= Chia Meng Ann =

Singaporean educator (1930–2019)

Chia Meng Ann

Chia Meng Ann (谢明安; 1929 or 1930 – 15 July 2019) was a Singaporean educator. He served as the headmaster of the Ahmad Ibrahim Secondary School from 1965 to 1982 and of Bukit Merah Secondary School from 1982 to 1988. Under his tenure, the former became the first secondary school in the country to offer a mainstream education programme catering toward the visually impaired.

==Early life education==

Chia was born around 1930. A student at the St. Andrew's School in Singapore in the late 1940s, he sat for and passed the Second Division London Matriculation Examination in January 1950. He then enrolled in the University of Malaya, from which he graduated in 1955 with a Bachelor of Arts degree.

==Career==
At the start of 1965, Chia was appointed to the post of headmaster at the Ahmad Ibrahim Secondary School (AISS), one of the first co-educational government secondary schools to offer both the English and Chinese streams as an 'integrated' school, succeeding the founding principal Leong Chin Toon. Shortly after assuming the post, he claimed to have "[drilled] the importance of integration into the heads of [his] staff and students."

As principal, he reportedly "firmly believed in an open and inclusive education system". In 1967, AISS introduced a programme in which visually impaired students would study alongside "sighted" students, becoming the first secondary school in Singapore to offer a mainstream education to those who were visually impaired. Prior to this, these students would have to enrol in the Princess Elizabeth School, located across the Causeway in Johor Bahru, Malaysia, to receive their secondary education. As there were then no textbooks for the visually impaired in Singapore, the school worked with the Singapore Association for the Blind to translate textbooks into braille. In its first year, the programme took in five students. A teaching assistant was sent from the local Ministry of Education. On Chia's request, the local branch of the Lions Club donated magnifying glasses to the school for the programme. In 1971, the school had 12 visually impaired students, with Chia stating that the school had "no problems in having the blind with [them]. Students help them in schoolwork as part of their extra-curricular activities." He felt that "sighted" children also benefitted from this programme as they would "learn to care for and be tolerant towards the handicapped." By 1980, visually impaired students were automatically enrollled in the school after taking their Primary School Leaving Examination. AISS remained the only secondary school to take in visually impaired students until 1982.
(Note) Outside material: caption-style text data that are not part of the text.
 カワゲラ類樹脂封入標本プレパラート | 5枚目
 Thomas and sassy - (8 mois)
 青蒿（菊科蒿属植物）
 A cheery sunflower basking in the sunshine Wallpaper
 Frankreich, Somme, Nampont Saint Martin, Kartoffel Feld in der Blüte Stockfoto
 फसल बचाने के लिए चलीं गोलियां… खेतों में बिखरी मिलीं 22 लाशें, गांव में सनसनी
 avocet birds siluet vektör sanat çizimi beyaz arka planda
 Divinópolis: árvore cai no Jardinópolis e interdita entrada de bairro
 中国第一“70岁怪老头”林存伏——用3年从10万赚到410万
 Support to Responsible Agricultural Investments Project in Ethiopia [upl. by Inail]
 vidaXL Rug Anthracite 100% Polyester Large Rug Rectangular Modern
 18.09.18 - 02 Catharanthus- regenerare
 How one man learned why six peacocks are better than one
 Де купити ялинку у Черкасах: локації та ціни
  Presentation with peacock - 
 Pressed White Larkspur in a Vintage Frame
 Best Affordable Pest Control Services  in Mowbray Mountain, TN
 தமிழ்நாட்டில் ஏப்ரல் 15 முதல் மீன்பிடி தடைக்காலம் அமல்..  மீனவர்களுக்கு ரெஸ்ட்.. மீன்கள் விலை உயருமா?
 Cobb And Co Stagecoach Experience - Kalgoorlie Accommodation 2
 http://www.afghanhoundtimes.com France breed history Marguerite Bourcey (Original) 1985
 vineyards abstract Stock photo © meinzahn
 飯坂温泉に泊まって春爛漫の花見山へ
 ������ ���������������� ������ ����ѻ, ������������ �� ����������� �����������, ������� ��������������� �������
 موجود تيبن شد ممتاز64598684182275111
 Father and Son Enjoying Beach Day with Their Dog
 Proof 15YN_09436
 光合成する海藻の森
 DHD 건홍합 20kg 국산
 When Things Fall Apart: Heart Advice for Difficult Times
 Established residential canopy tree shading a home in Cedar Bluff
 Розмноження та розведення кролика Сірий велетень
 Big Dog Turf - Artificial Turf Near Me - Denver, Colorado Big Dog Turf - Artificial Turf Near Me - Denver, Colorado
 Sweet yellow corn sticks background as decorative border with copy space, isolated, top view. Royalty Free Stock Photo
At AISS, Chia also found that the students were falling behind in English. To fix this, he made the students correct their own mistakes when marking. Other changes included the introduction of remedial lessons for the subject, asking students to read a book which they would then exchange with another student every few weeks, and providing students with materials such as model essays and "good newspaper articles." From 1980 to 1981, the school's passing rate in English rose from 56% to 73%. In 1981, Chia was appointed to the newly established Schools Council, serving on it for two terms

It was then announced that Chia was to be transferred to the Bukit Merah Secondary School (BMSS) in early 1982. A farewell was held at AISS on 10 February; this was attended by his successor, educator Bhajan Singh, previously a consultant with the Singapore School for the Blind. By then, Chia had served in the post for 17 years. Shortly after stepping down, he assumed the post of principal at BMSS, succeeding Mok Choon Hoe, who had been appointed a senior inspector with the Ministry of Education. He found that the students at BMSS, who often spoke Mandarin or dialects at home, typically had a "very poor grasp of the English language, especially grammar and syntax." He then implemented the same changes he had made to help improve students' performance in English at AISS. The school's pass rate for English at the 'O'-Level Examinations rose from 21% to 39% from 1981 to 1982. Chia retired in 1988, after which he was succeeded by Joseph Ng. He was conferred the Long Service Medal at the 1989 National Day Awards.

==Personal life and death==
Chia was married. He died on 15 July 2019. The funeral was attended by several former students, including many of those who had gone through his programme for the visually impaired. He was then buried at the Christian Cemetery at Choa Chu Kang on 17 July.